Copy the following data exactly and drop the pictures.
(INFORMATION SHOWN begins)
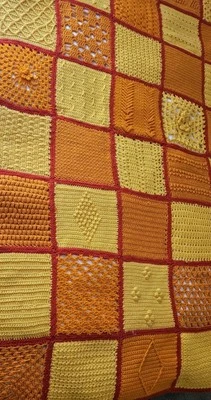 钩针阿富汗带独立独特奶奶方形图案签名 60x84 完好 — 第 1/4 张图片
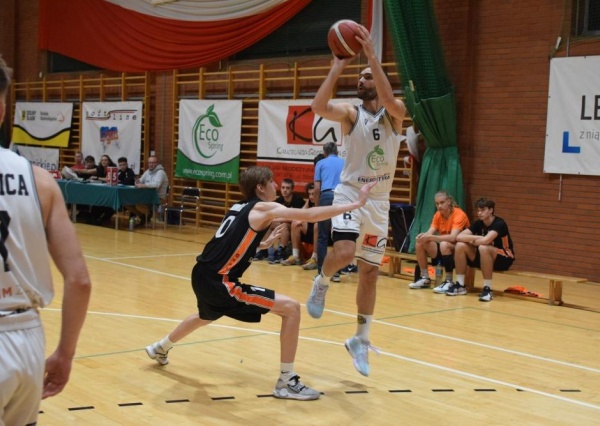 Basket z piątym triumfem (FOTO)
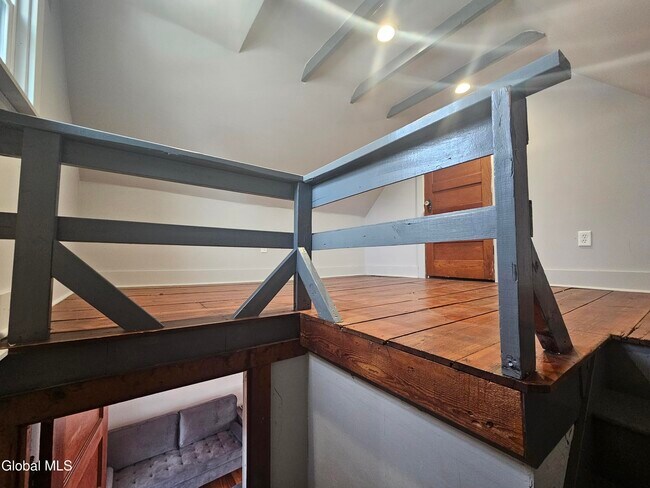 Foto del edificio - 51 Sacandaga Rd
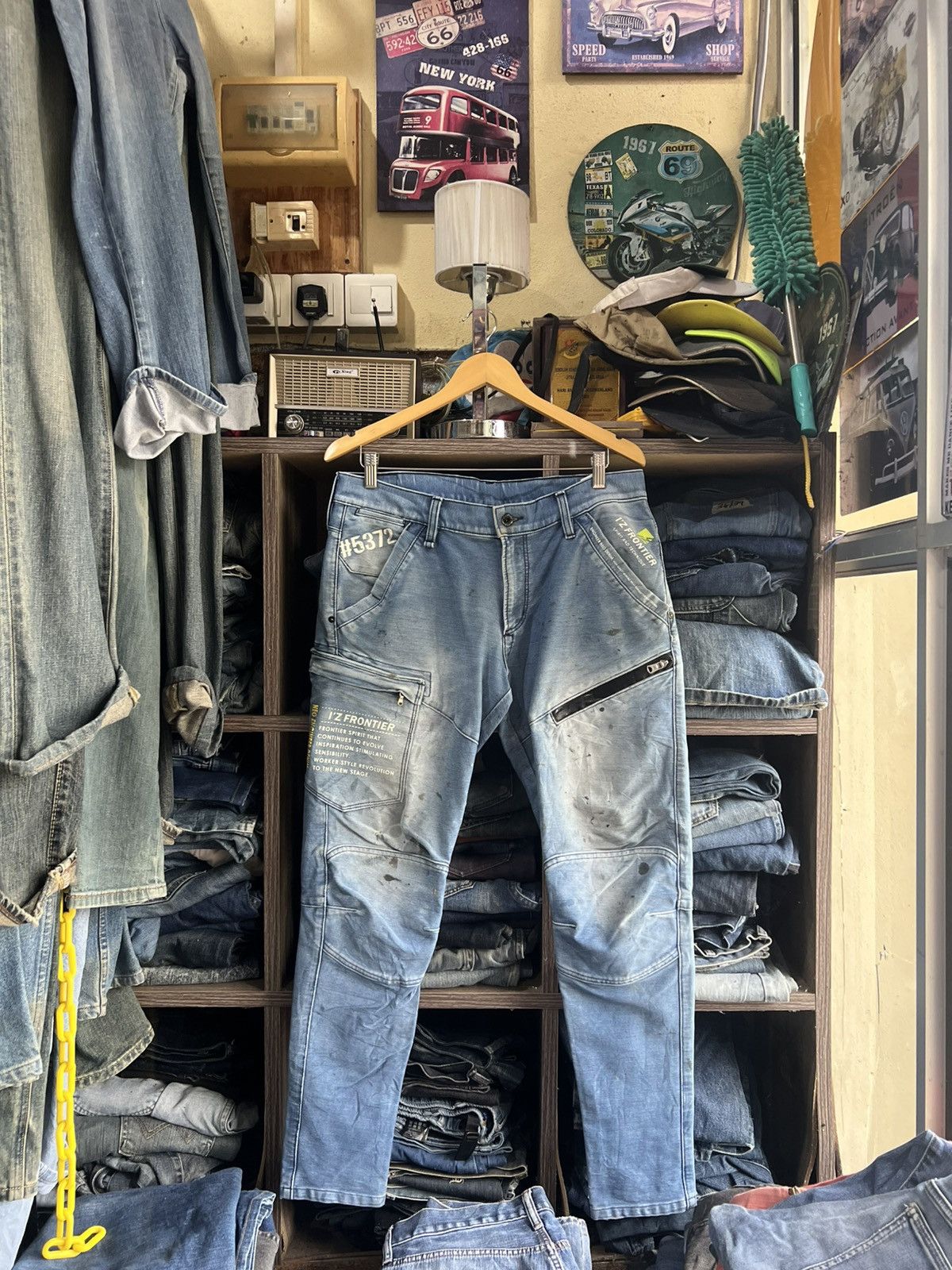 Japanese Brand 🔥Iz Frontier Distressed Denim Size US 34 / EU 50 - 3 Thumbnail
(INFORMATION SHOWN ends)
* ANSWER TO THIS TASK:
 钩针阿富汗带独立独特奶奶方形图案签名 60x84 完好 — 第 1/4 张图片
 Basket z piątym triumfem (FOTO)
 Foto del edificio - 51 Sacandaga Rd
 Japanese Brand 🔥Iz Frontier Distressed Denim Size US 34 / EU 50 - 3 Thumbnail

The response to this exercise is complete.